Sunday, October 9, 2011
Founded in 2004, the Paris-based collective artist Claire Fontaine declares a position as a “readymade artist.” Having assumed the name of a popular French brand of notebooks, her practice centers on the production of works in neon, video, sculpture, painting and text. Her version of neo-conceptual art implicates the exchangeability and disintegration of notions of authorship. Her position stems from the awareness of the shared condition of political impotence and the crisis of singularity within contemporary society today.
Over recent years Claire Fontaine has elaborated on – through texts and artworks – the concept of “human strike.” She writes that:“The term ‘human strike’ was forged to name a revolt against what is reactionary even – and above all – inside the revolt itself. It defines a type of strike that involves the whole life and not only its professional side, that acknowledges exploitation in all the domains and not only at work. Even the notion of work comes out modified if seen from the ethical prism of human strike: activities that seem to be innocent services and loving obligations to keep the family or the couple together reveal themselves as vulgar exploitation. Human strike is a movement that could potentially contaminate anyone and that attacks the foundations of life in common, its subject isn’t the proletarian or the factory worker but the whatever singularity that everyone is. This movement isn’t there to reveal the exceptionality or the superiority of a group on another but to unmask the whateverness of everybody as the open secret that social classes hide.”
In the context of the exhibition Anarchism Without Adjectives: On the Work of Christopher D’Arcangelo (1975-1979), Claire Fontaine will deliver a talk on the notion of “human strike.”
Claire Fontaine has a forthcoming solo exhibition at Metro Pictures in November.
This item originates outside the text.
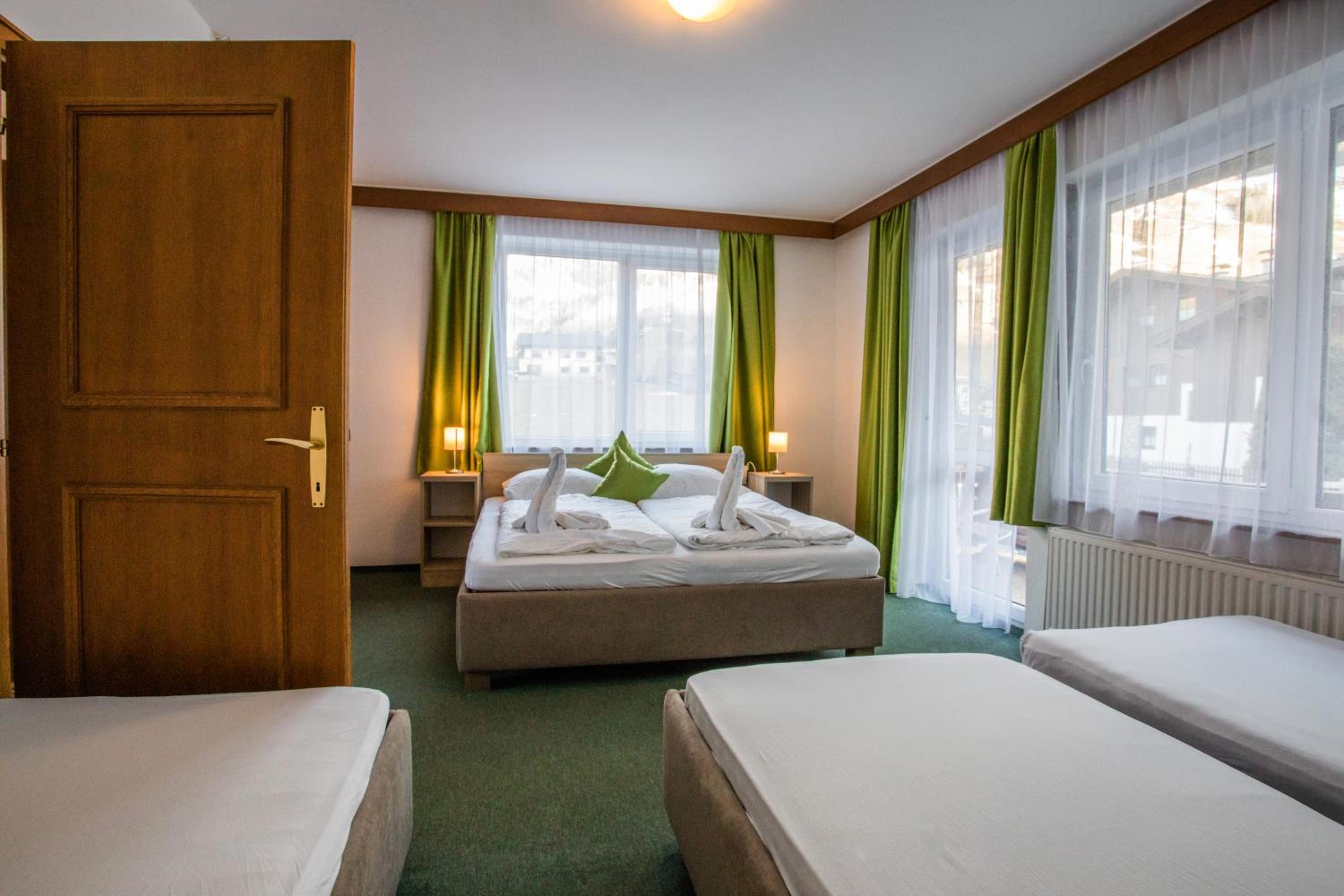 Apartment with Balcony - Photo 3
Her work was featured in the 2011 Istanbul Biennial and Moscow Biennial. Recent solo exhibitions include No Family Life, Air de Paris, Paris; Fighting Gravity, Regina Gallery, London & Moscow; P.I.G.S., MUSAC Contemporary Art Museum, Castilla y León (all 2011); Future Tense, El Museo Tamayo Arte Contemporáneo, Mexico; Economies, Museum of Contemporary Art, North Miami (both 2010); Inhibitions, Reena Spaulings Fine Art, New York; After Marx April, After Mao June, Aspen Art Museum, Colorado (both 2009).